Class U Units: In addition to the Class A Units, the Fund is offering Class U Units under the Prospectus. The Class U Units are designed for investors who want to make their investment in U.S. dollars and will not be listed on a stock exchange. A holder of Class U Units may convert such Class U Units into Class A Units on a weekly basis and it is expected that liquidity for the Class U Units will be obtained primarily by means of conversion into Class A Units and the sale of such Class A Units. Class U Units may be converted in any week on the first Business Day of such week (the “Conversion Date”) by delivering a notice and surrendering such Class U Units by 3:00 p.m. (Toronto time) at least five Business Days prior to the applicable Conversion Date.

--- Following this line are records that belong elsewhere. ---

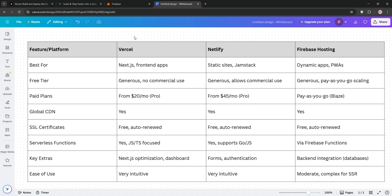So, how do they stack up? Versal excels for Next.js and server-side rendering, with a slick dashboard and fast deploys. But its free tier bans commercial use.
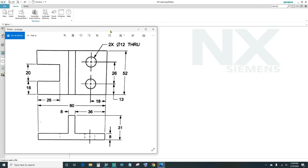Today we'll be working off of this print right here, and I will have the link to this print in the description below. Looking at this print, it's calling out in millimeters, so we've got to make sure to specify the units as millimeters.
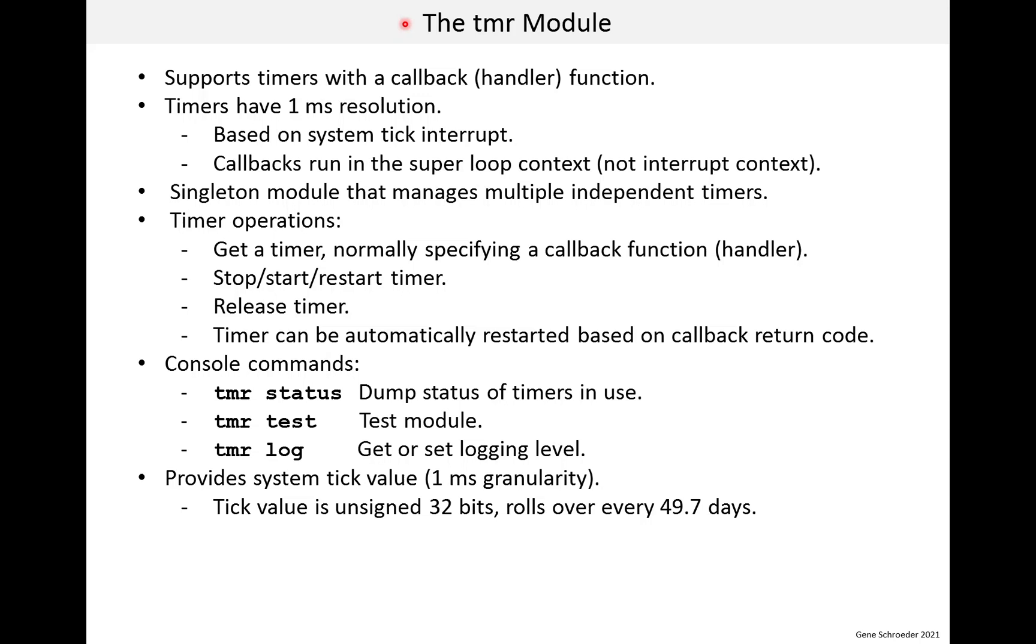In this lesson, we'll look at the timer module. This module provides what I would call very basic functionality. And there are lots of areas for enhancements, and we'll talk about some of these at the end of the lesson.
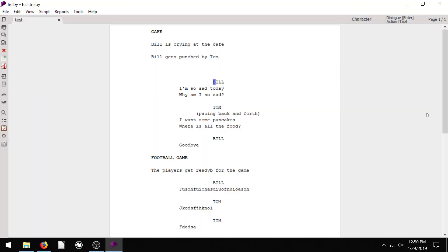Welcome back to another Trelby tutorial. In this video, I'm going to show you how to import a script that you found online. We're going to try and do this with maybe HTML and PDF.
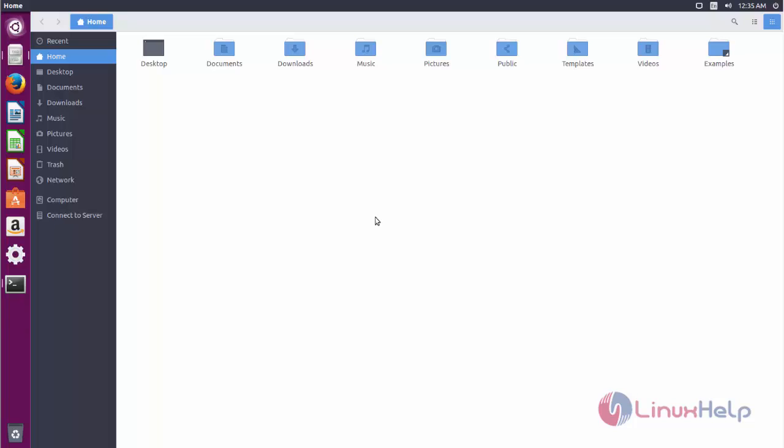So that's all about how to install Arc theme and Arc icons on Ubuntu 16.04. Hope this video is helpful for you. Thank you for watching.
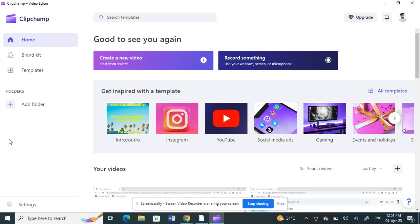Hello everyone, welcome to our channel. Today in this tutorial I'm going to show you how to blur in Clipchamp, so let's get into the video. First, I'll open up the Clipchamp application.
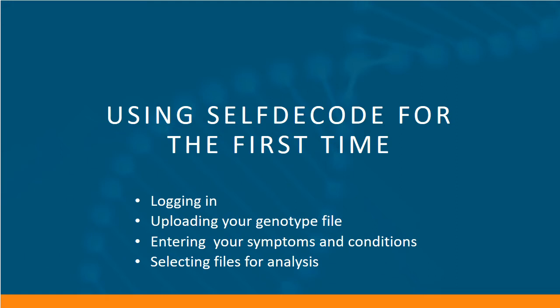Welcome to this introductory video of how to use SelfDecode for the first time. We'll briefly cover logging in, uploading your genotype file, entering your symptoms and conditions, and then selecting which file you want to use for analysis.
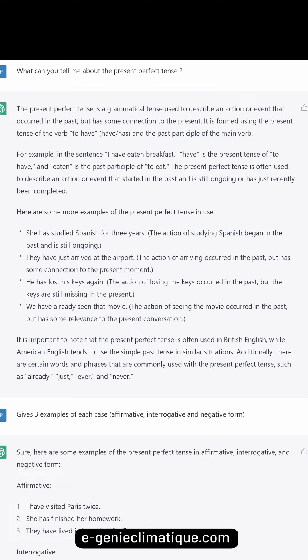The present perfect tense is often used to describe an action or event that started in the past and is still ongoing or has just recently been completed. For example: 'She has studied Spanish for three years' — the action of studying Spanish began in the past and is still ongoing. 'They have just arrived at the airport' — the action of arriving occurred in the past but has some connection to the present moment.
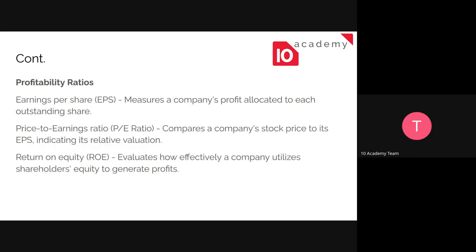So we have three ratios. The first is the profitability ratio, which shows how profitable the company is. Within this, we have three sub-ratios. The first one is earnings per share — it shows the profits allocated to each outstanding share. The more profit per allocated outstanding share, the better they are. And then there is the price-to-earnings ratio.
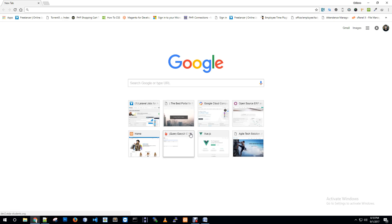Hello friends, welcome to my Google Cloud video series. I am Chaitan Nukomar. Today I am going to show you how to host an application on Google Cloud.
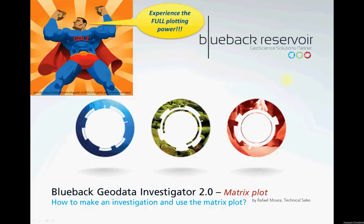Hi, I am your host Rafael Molda and welcome to another Blueback how-tos. But just wait a minute, what is that in Petrel? Is it a bird? Is it a plane? Is it magic? No, it's the amazing GDI 2, Geodata Investigation version 2.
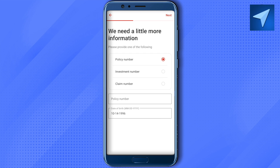It will then ask you to provide some more information. It will ask whether you want to provide your policy number, investment number, or claim number. Provide the relevant number you selected, then click Next and follow the procedure.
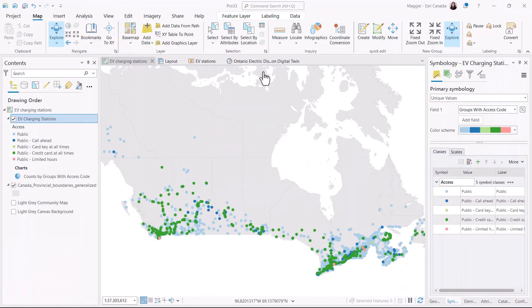Hey everyone, in this GeoSTAP we're going to see how you can use ArcGIS Pro to make your maps more accessible. I have my map here where we can see all of the electric vehicle charging stations across Canada. I want to share this map with other users, so I want to make sure that everyone who's looking at it is able to distinguish between the different points on the map.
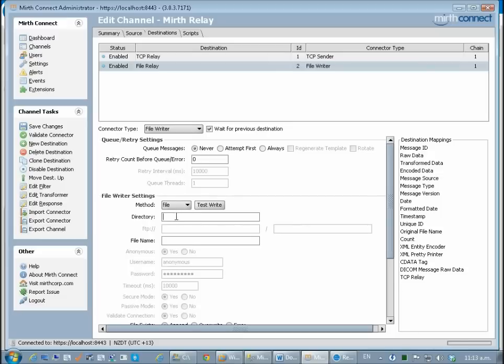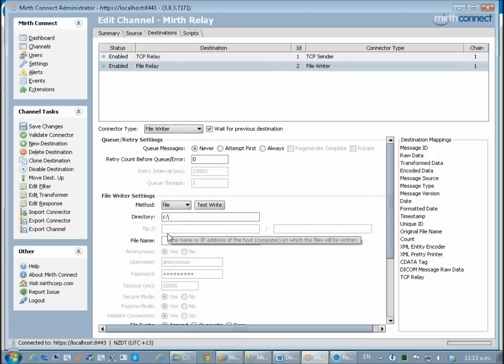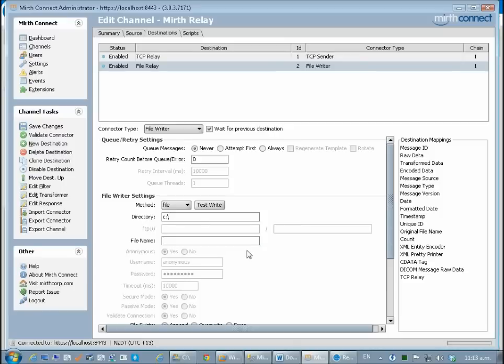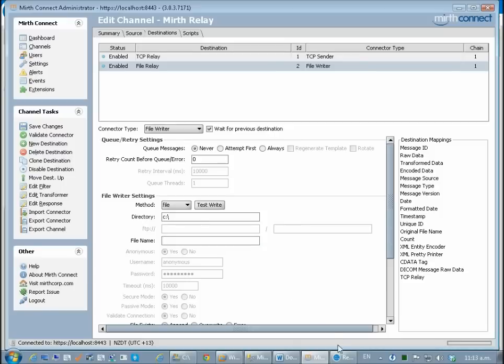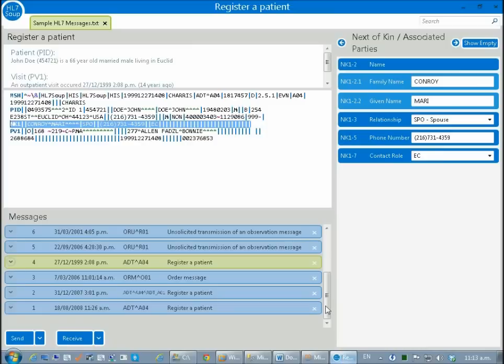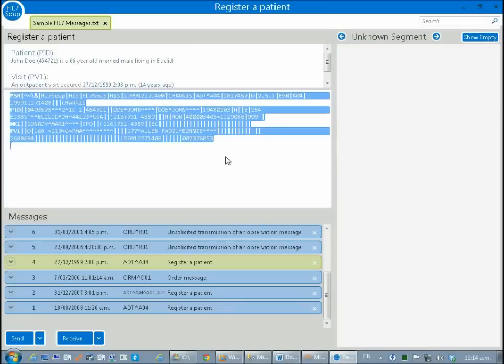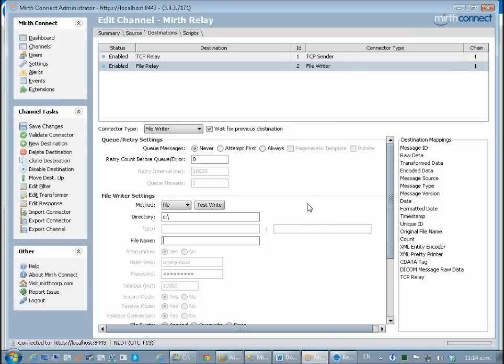I'm going to write this out to my C drive and I want to give it a file name. I want to give it a unique name. So I'm going to copy the entire message to my clipboard and then come back into Mirth. Now I want to get the message control ID out of this and put it in as the file name.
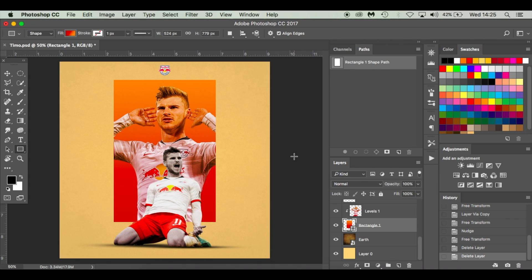Hello everyone, welcome to my latest tutorial featuring Timo Werner of Red Bull Salzburg. So without further ado I'm going to get straight into it. You can see here I made this edit for Instagram — it's quite simple. We've got Timo in the background clipped into a rectangle, and then in the front as well. We've desaturated his skin tones just to make him stand out and pop a little bit more.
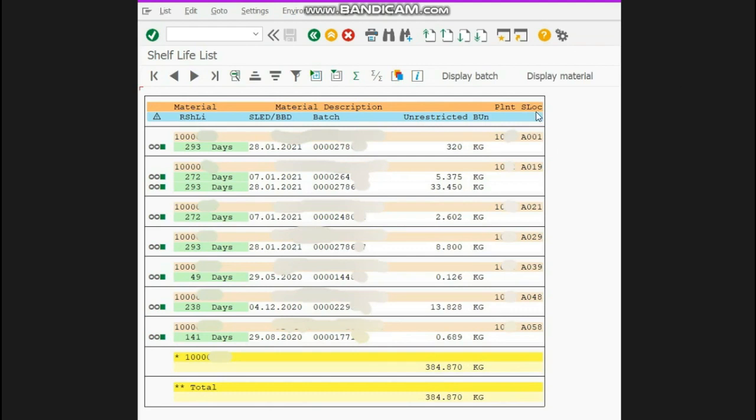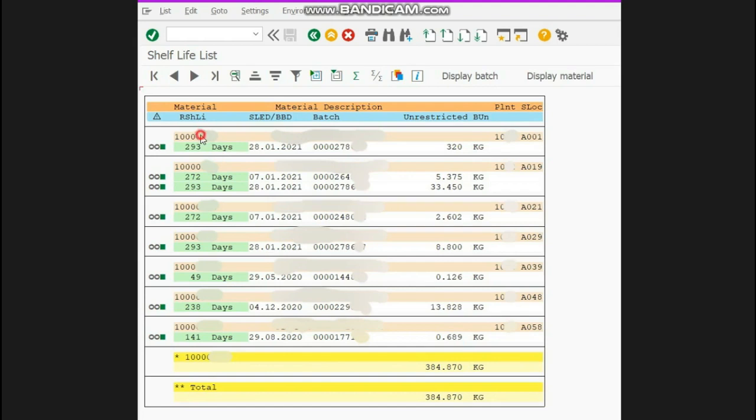Now what is this showing? It's showing that your material has 293 days remaining. This means your material against this batch number will be expired by 28th January 2021. I have approximately 8 months within which I can consume this flavor.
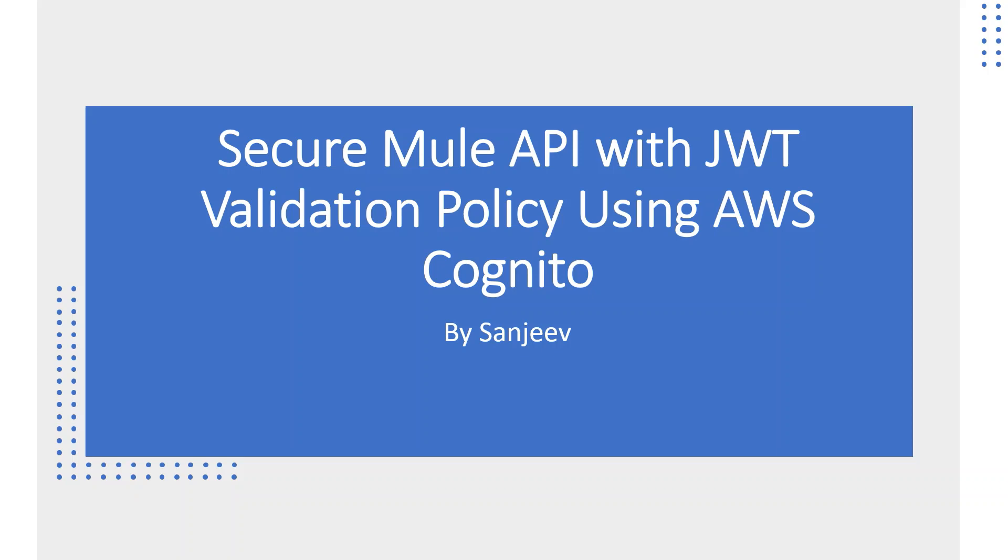Hi everyone. My name is Sanjeev. In this video, I will demo how to secure Mule API with JWT validation policy. I will use AWS Cognito as Identity Access Management System and it will act as JWT token provider. So let's start.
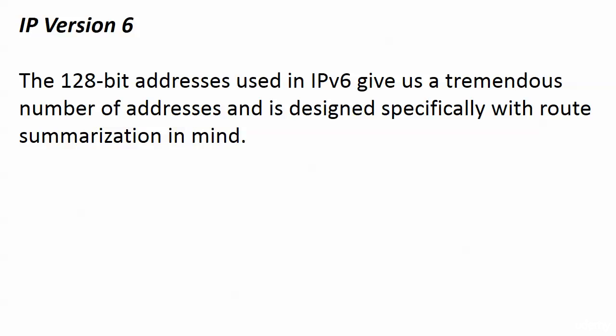Time to shift gears and head into some IP version 6. We're going to talk about why we had to develop another IP version, because what's wrong with IP version 4? One reason we developed IP version 6 is that we were running out of routable addresses.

For each Class U Unit so converted, a holder will receive that number of Class A Units equal to the Net Asset Value per Class U Unit as at the close of trading on the Business Day immediately preceding the Conversion Date divided by the Net Asset Value per Class A Unit as at the close of trading on the Business Day immediately preceding the Conversion Date. No fraction of a Class A Unit will be issued upon any conversion of Class U Units and any remaining fraction of a Class U Unit will be rounded down to the nearest whole number of Class A Units.
Public Offering: Pursuant to the terms of the Prospectus, up to a maximum of 12,000,000 Class A Units and/or unlisted Class U Units at a price of $10.00 per Class A Unit and U.S.$10.00 per Class U Unit are being offered to the public by BMO Nesbitt Burns Inc., Scotia Capital Inc., CIBC World Markets Inc., RBC Dominion Securities Inc., National Bank Financial Inc., GMP Securities L.P., Canaccord Genuity Corp., Raymond James Ltd., Burgeonvest Bick Securities Limited, Desjardins Securities Inc., Dundee Securities Ltd., Mackie Research Capital Corporation and Manulife Securities Incorporated, as agents.